§ What you will do
Exactly and only the lines below from the one containing "Female hands in" down to the one containing "Фотографія роздумів дівчини" are wanted, both included; please exclude every picture.

§ Data supplied
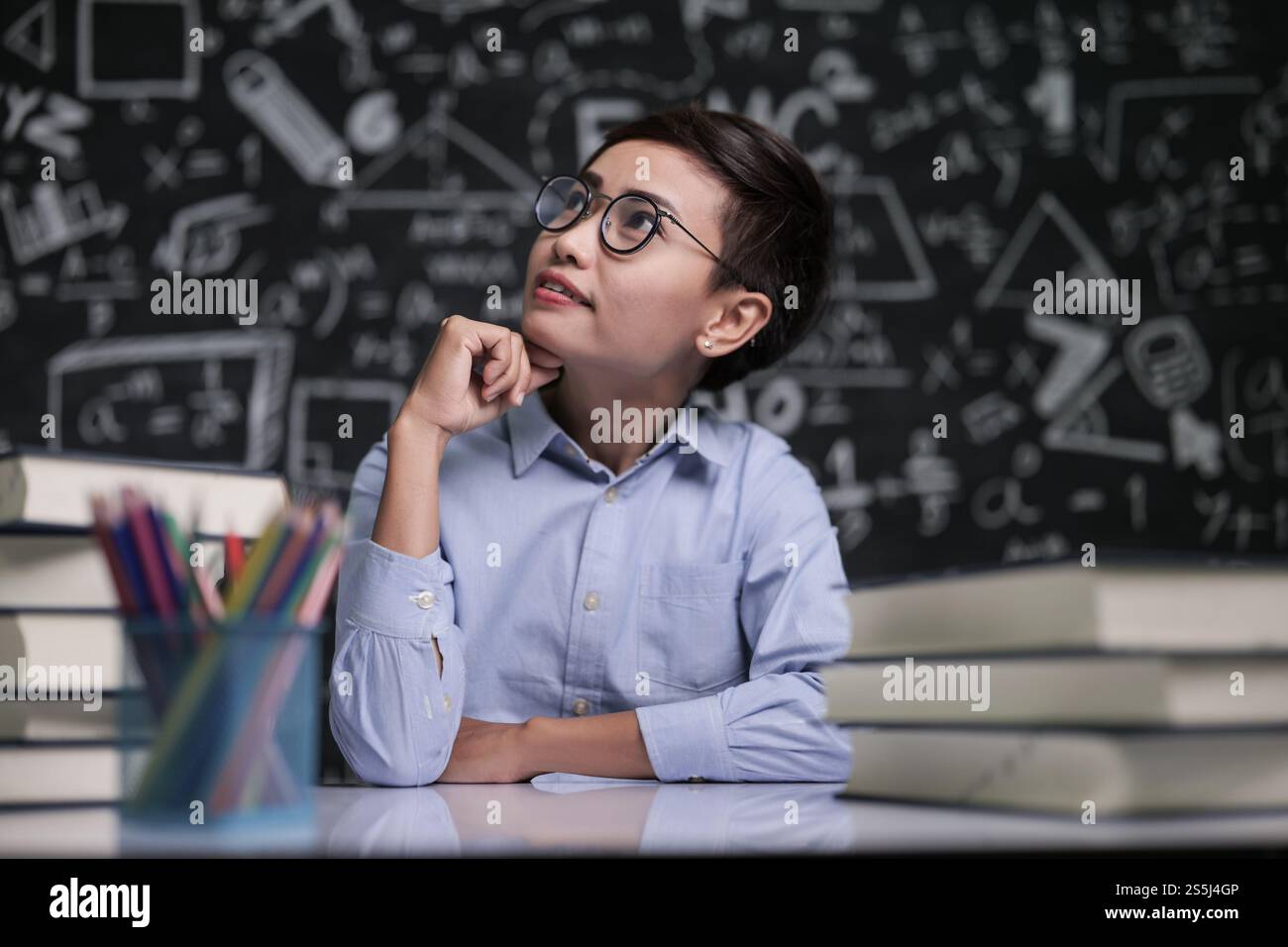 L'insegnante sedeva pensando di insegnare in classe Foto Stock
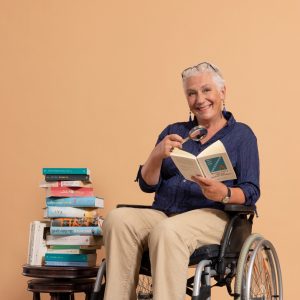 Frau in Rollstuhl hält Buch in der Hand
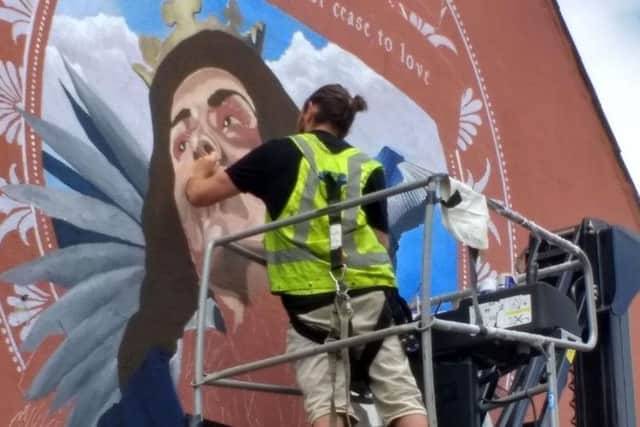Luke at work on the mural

...

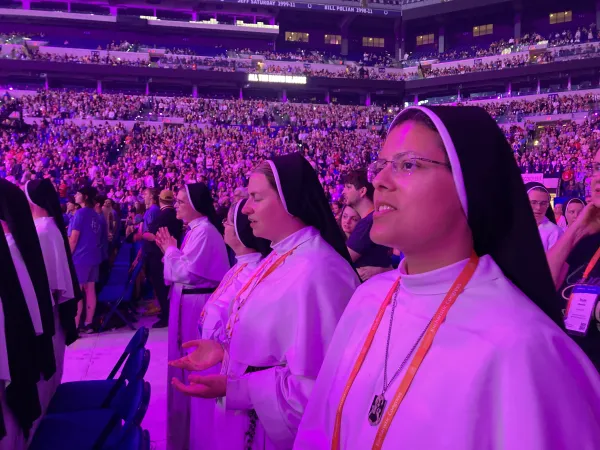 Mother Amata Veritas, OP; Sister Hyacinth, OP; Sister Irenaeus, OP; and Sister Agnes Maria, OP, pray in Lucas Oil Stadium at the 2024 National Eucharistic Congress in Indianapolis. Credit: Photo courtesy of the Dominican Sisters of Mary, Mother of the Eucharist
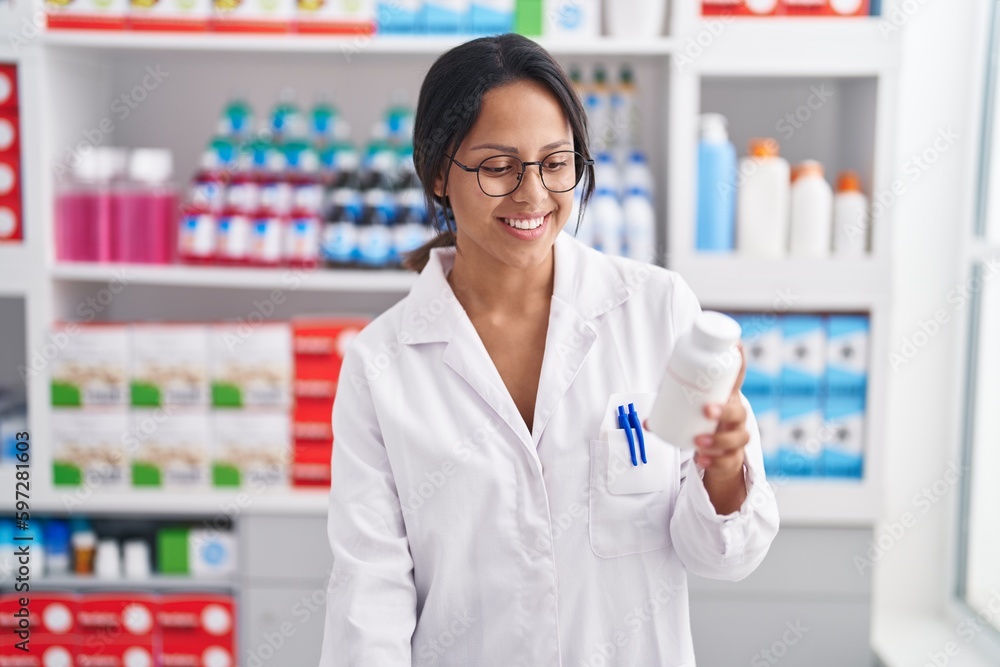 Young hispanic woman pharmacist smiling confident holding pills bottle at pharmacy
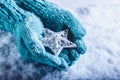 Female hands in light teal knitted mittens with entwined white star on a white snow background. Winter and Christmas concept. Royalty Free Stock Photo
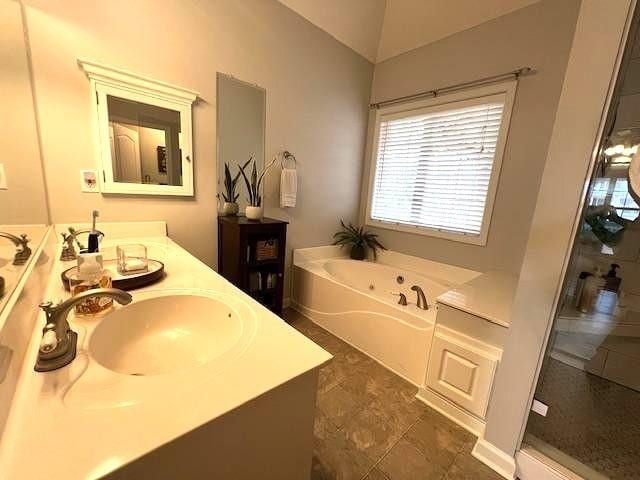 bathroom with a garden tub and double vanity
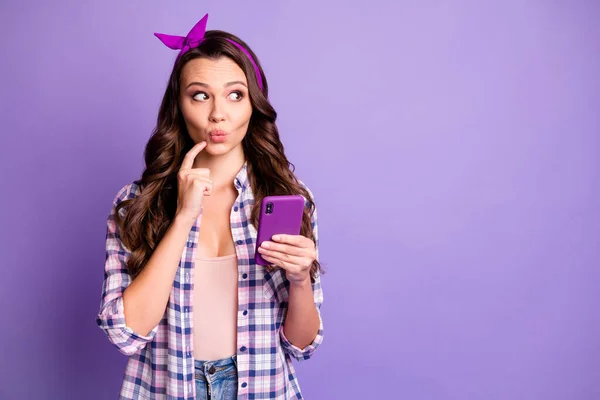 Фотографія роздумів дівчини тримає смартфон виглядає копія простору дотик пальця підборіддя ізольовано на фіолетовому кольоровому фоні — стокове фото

§ Result of this exercise
 Female hands in light teal knitted mittens with entwined white star on a white snow background. Winter and Christmas concept. Royalty Free Stock Photo
 bathroom with a garden tub and double vanity
 Фотографія роздумів дівчини тримає смартфон виглядає копія простору дотик пальця підборіддя ізольовано на фіолетовому кольоровому фоні — стокове фото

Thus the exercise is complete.